Singer Sewing Machine Co. v. Benedict, 229 U. S. 481, 33 S. Ct. 942, 57 L. Ed. 1288, and Southern Ry. Co. v. Query (D. C.) 21 F.(2d) 333, cited by defendants, support the proposition merely that if plaintiff has an adequate remedy at law available in the federal court a suit in equity will not lie. ■ In the present ease defendants admit there is no adequate remedy at law in the federal court.

In Burrill v. Locomobile Co., 258 U. S. 34, 42 S. Ct. 256, 66 L. Ed. 450, the suit in the federal court was begun after the statute of limitations had run in the state court, and the Supreme Court held therefore that the action could not be maintained in the federal court on the ground that the remedy on the law side in the federal court was no greater than that permitted by the statute in the state court.

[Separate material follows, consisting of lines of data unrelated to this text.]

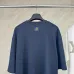 Louis Vuitton T-Shirts for AAAA Louis Vuitton T-Shirts #A60710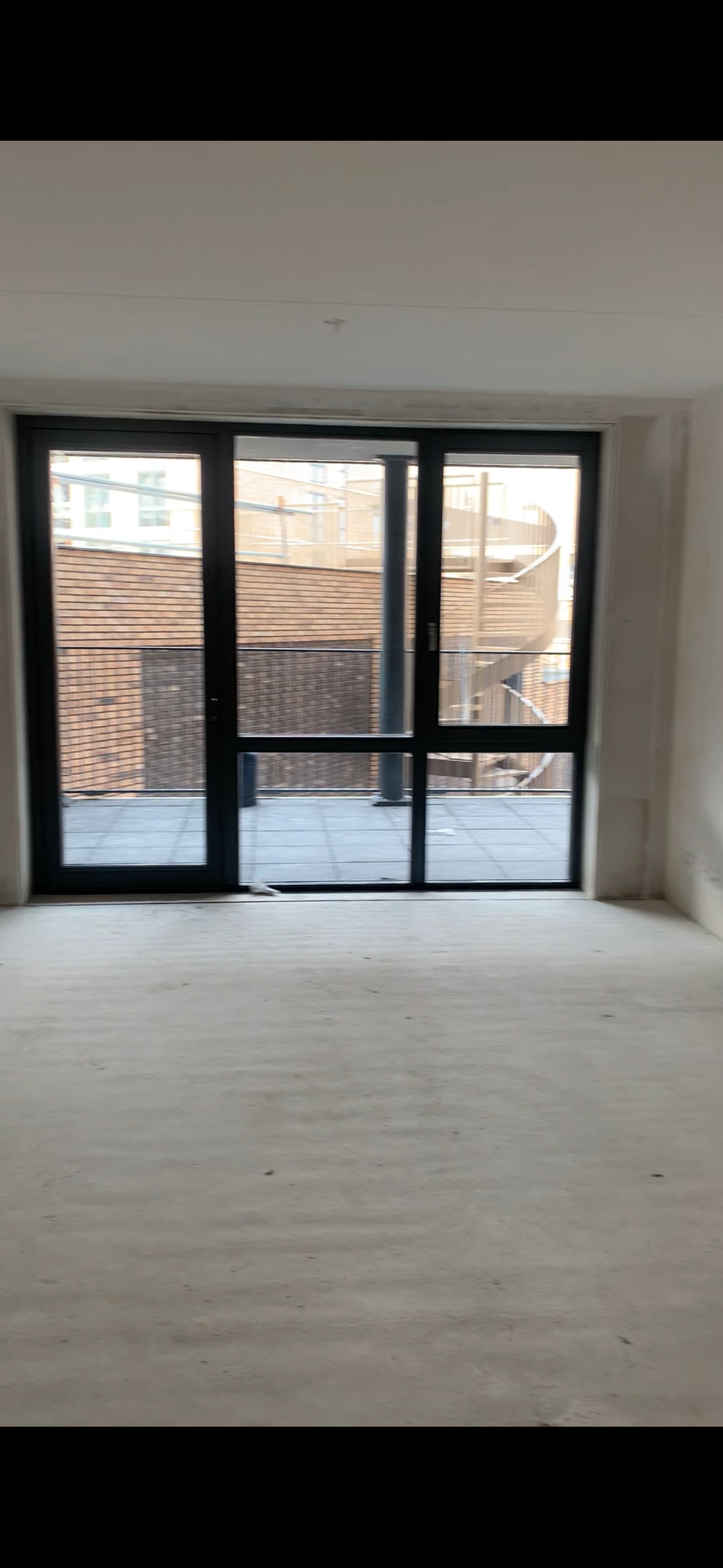 Johanna van Cuilenburgstraat 43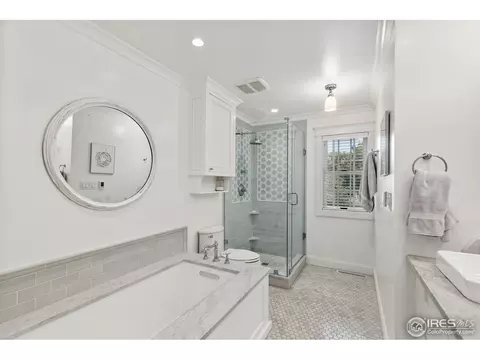6177 Old Brompton Rd, Boulder, CO 80301 photo 25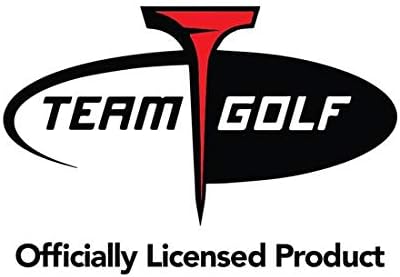 Golfballs.com Klasszikus Dél-Florida Bikák Fél Tucat Ajándék Szett Gyeptéglát Eszköz - Üres Golyó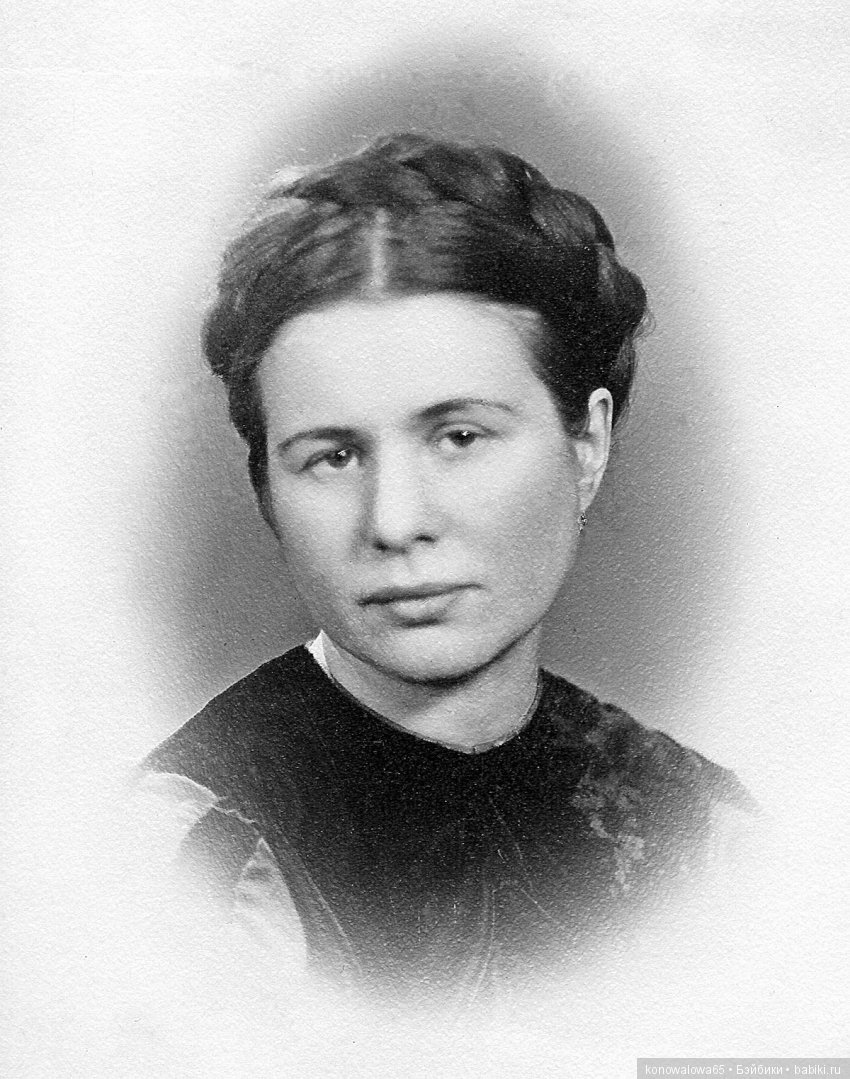 Низкий поклон Ирене Сендлер и Всем, кто боролся за наше будущее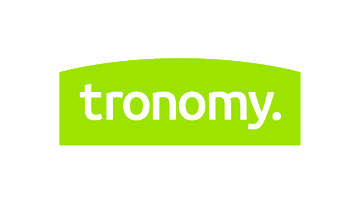 tronomy.com is for sale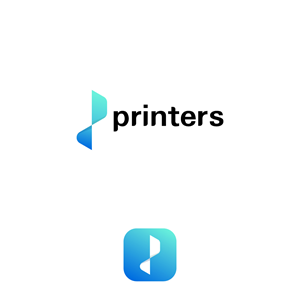 Logo-Design von I designs für dieses Projekt | Design: #35502368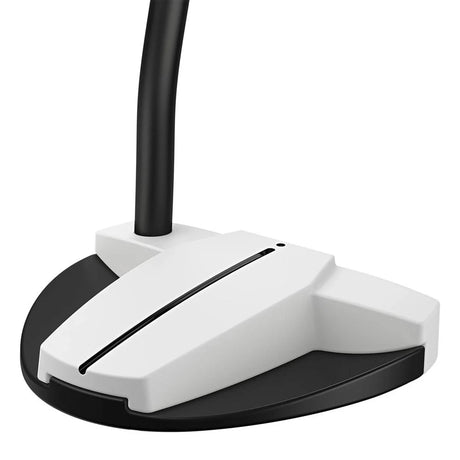 Ping Scottsdale TEC Hayden Onset Putter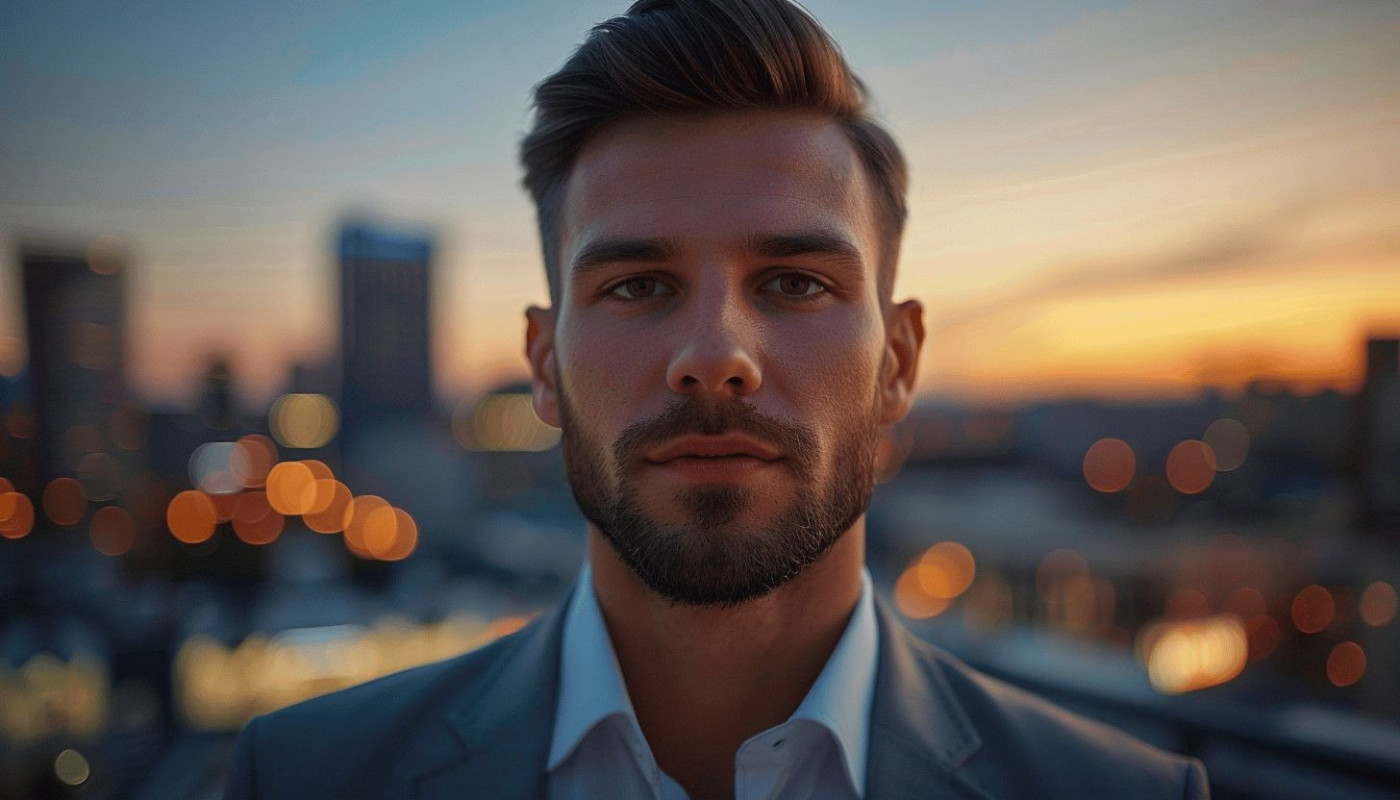 Innovative employee retention techniques in a gig economy era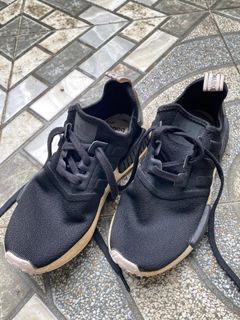 Adidas NMD - R1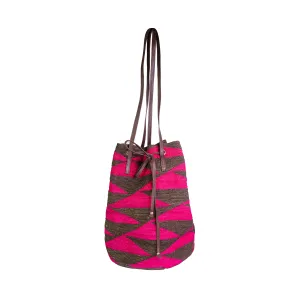 Sisal Carry All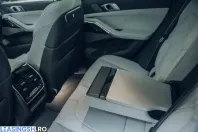 BMW X6 (Seria X) din 2025 cu 20 km - oferta BMW213487 - foto 13
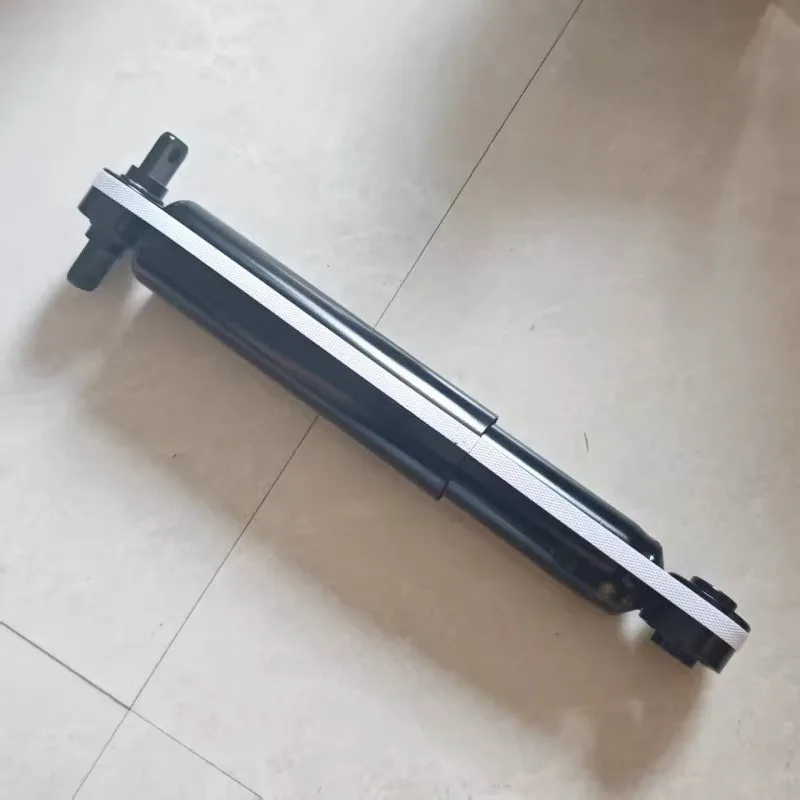 Genuine Front Rear Shock Absorber Assembly for Great Wall Tank 300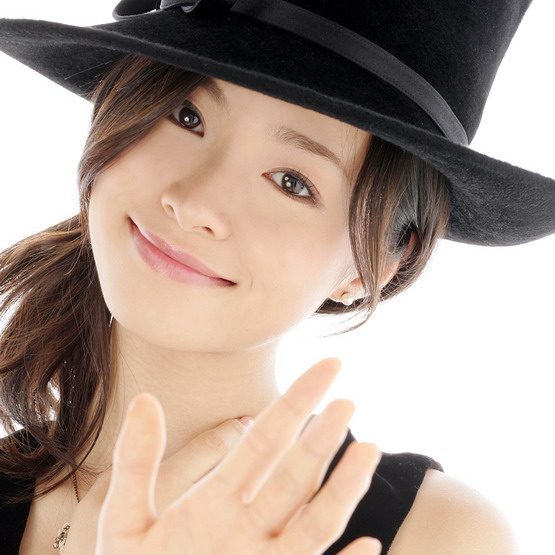 Yiyan Jiang HD Images/Photo Gallery Download #1894755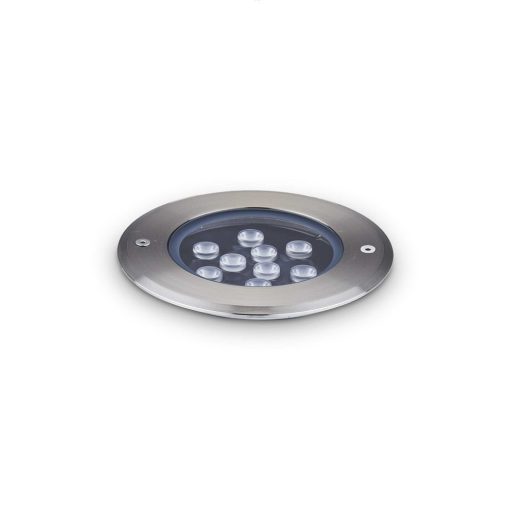 Ideal Lux 255682 Floor kültéri beépíthető lámpa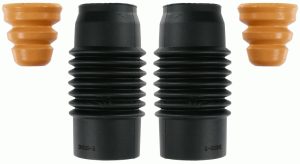 Chit protectie praf amortizor SACHS 900 158 – MAZDA | AutoRival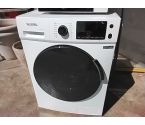 LAVE LINGE VALBERG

In view of the fact that the plaintiff has exhausted its remedies before administrative and legislative bodies; that its only remedy now is one of judicial review; that a state cannot by the passage of any law deprive it of its constitutional right to go into the federal court, provided the necessary jurisdictional facts exist (Smyth v. Ames, 169 U. S. 516, 18 S. Ct. 418, 42 L. Ed. 819); that to limit the plaintiff to its remedy in the state court would he to permit a state to tie up a citizen of another state, having property within its territory invaded by unauthorized acts of its own officers to relief in its own court, which cannot be done (Reagan v. Farmers’ Loan & Trust Co., 154 U. S. 362, at page 391, 14 S. Ct. 1047, 38 L. Ed. 1014); that on the face of the hill a cause of action in equity is stated, it follows that this court has jurisdiction, and that the motion to dismiss must be, and is hereby, denied.